Oh, and to add to my stress level? I got home last night to find another notice from the property manager about people not picking up after their dogs. I really hate tattling on others, but I guess I’m going to have to call tomorrow and let them know that it’s the folks in number 9. Since they also have a fawn Boxer, I don’t want to risk my dog taking the fall for their laziness. And we’re talking serious laziness, here. They stand inside the main door, with their dog’s outside on retractable leashes, so their dogs just squat anywhere–including on the sidewalk right in front of the door–and the owners don’t pick up after them.

Now, I understand that it’s not always fun or convenient to put on your shoes and coat and take your dogs outside, but if you’re going to have dogs, that’s what you’ve got to do. And if you suspect that you might occasionally feel lazy and just want to let your dog out the back door, then you’d damned well better make sure you get a ground floor apartment, preferably one with its own patio.
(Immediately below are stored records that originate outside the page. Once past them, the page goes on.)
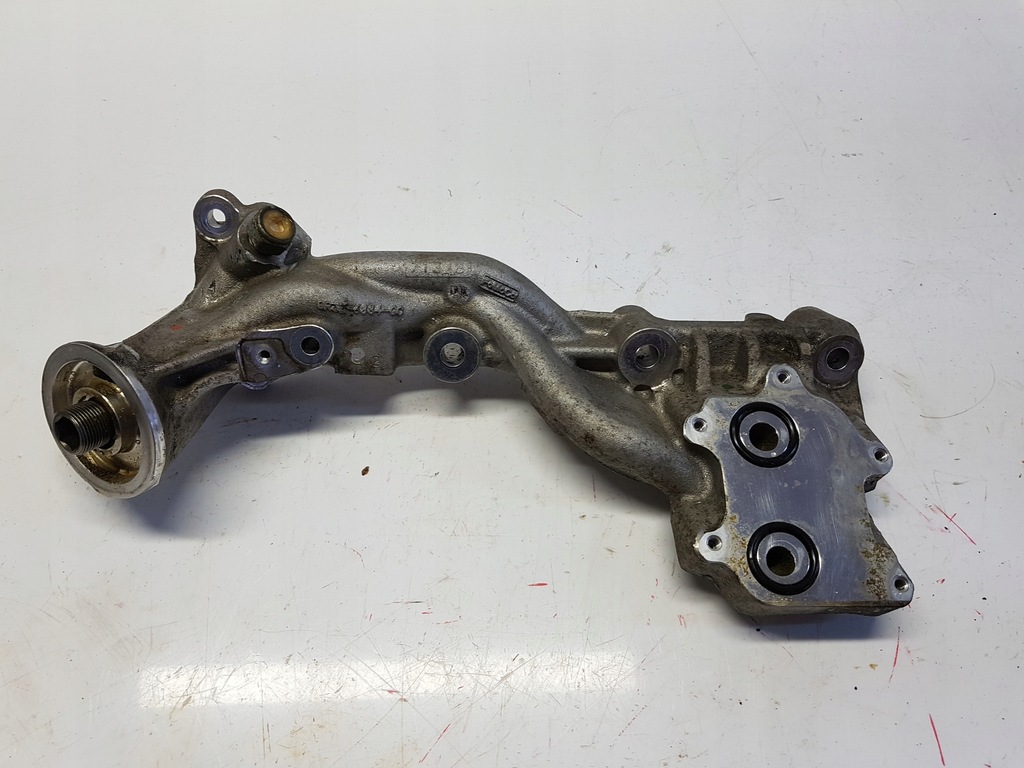 фото №1, Ford mustang vi 2015+ основание фильтра масла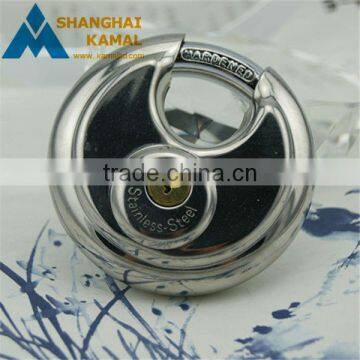 Stainless Steel Round Padlocks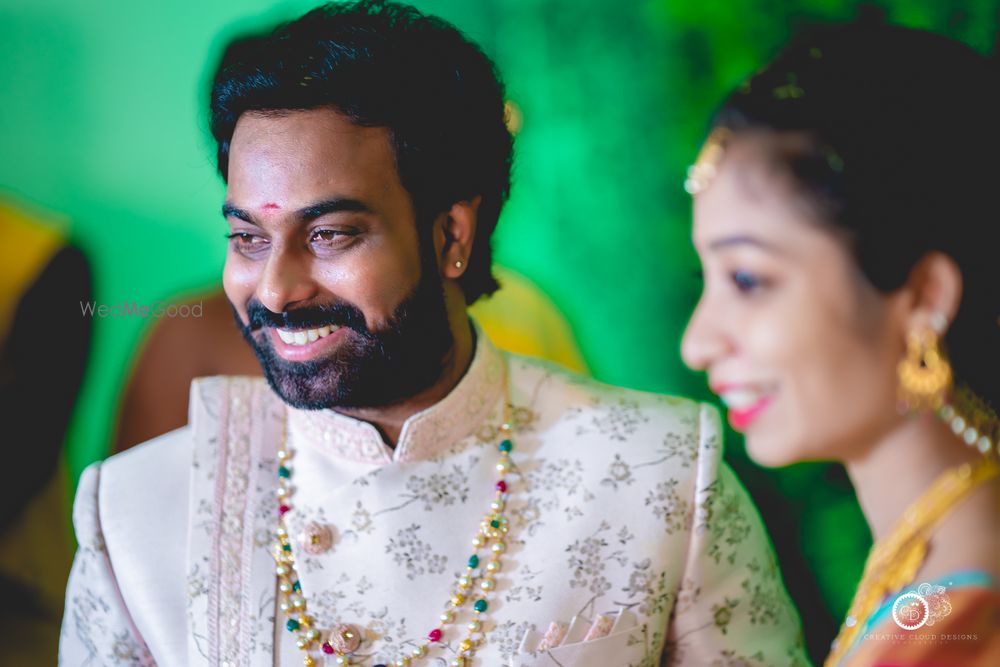 Photo From Dileep & Sowjanya | Ring Ceremony | King's Cuisine | Vijayawada - By Creative Cloud Designs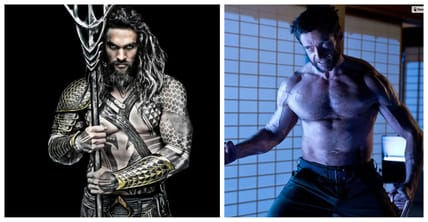 momoa-aquaman-jackman-wolverine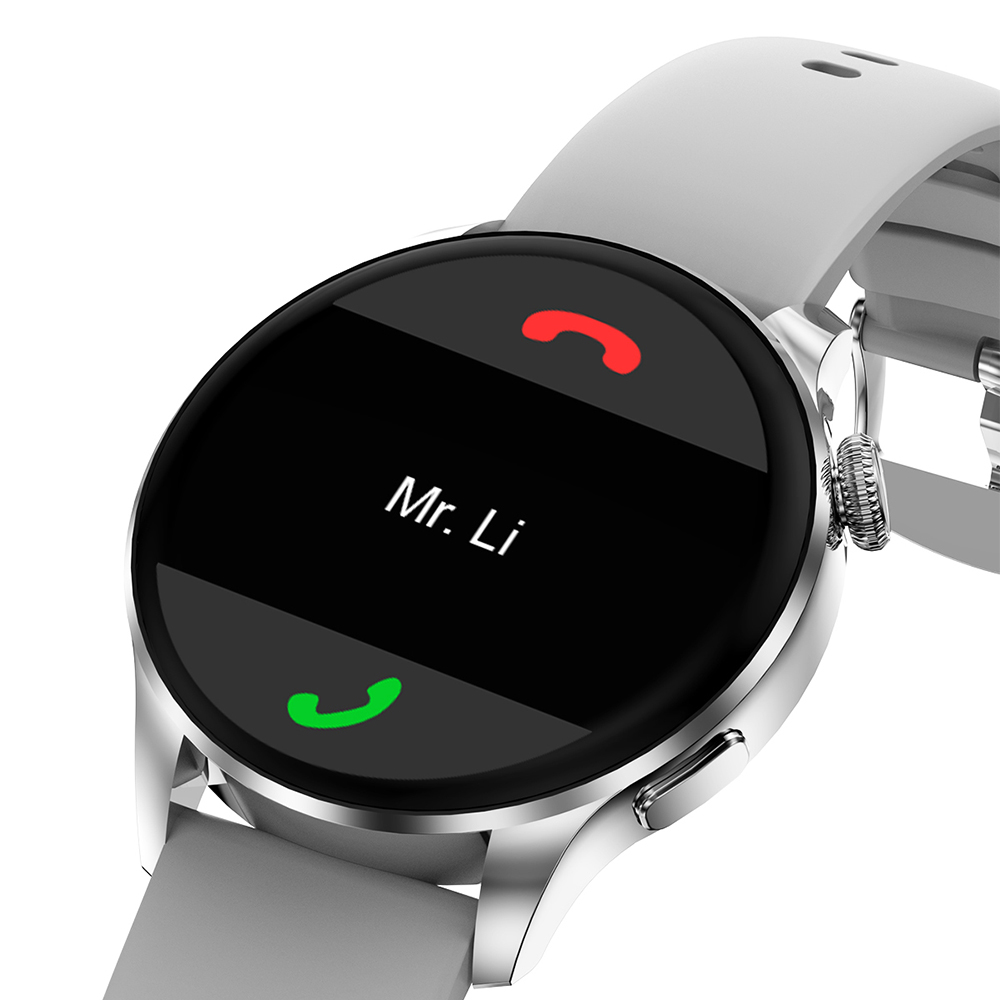 zegarek Hagen HC391151115 Smartwatch HC39 złoty Smartwatch z tworzywa sztucznego - miniatura 11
Duh.

Crankypantsing

Sympathetic Magic

The maintenance guys came by at about 2pm yesterday. They shouldn’t have needed to get into my apartment, since the leak was in the upstairs shower, and since there was no damage to the ceiling. What did they need to come in for? To caulk my tub. That’s right. The upstairs shower was leaking, so they caulked my tub.

Jeenyous!

I’m hoping they also caulked the upstairs tub, and that they only did mine, too, as a form of sympathetic magic.

Oh, and it took two guys to do the caulking. One–the younger–did the actual work, while the other–a wizened old dude–sat on the closed toilet and supervised. And by supervised, I mean complained about his bad back and made fun of the younger guy’s caulking abilities.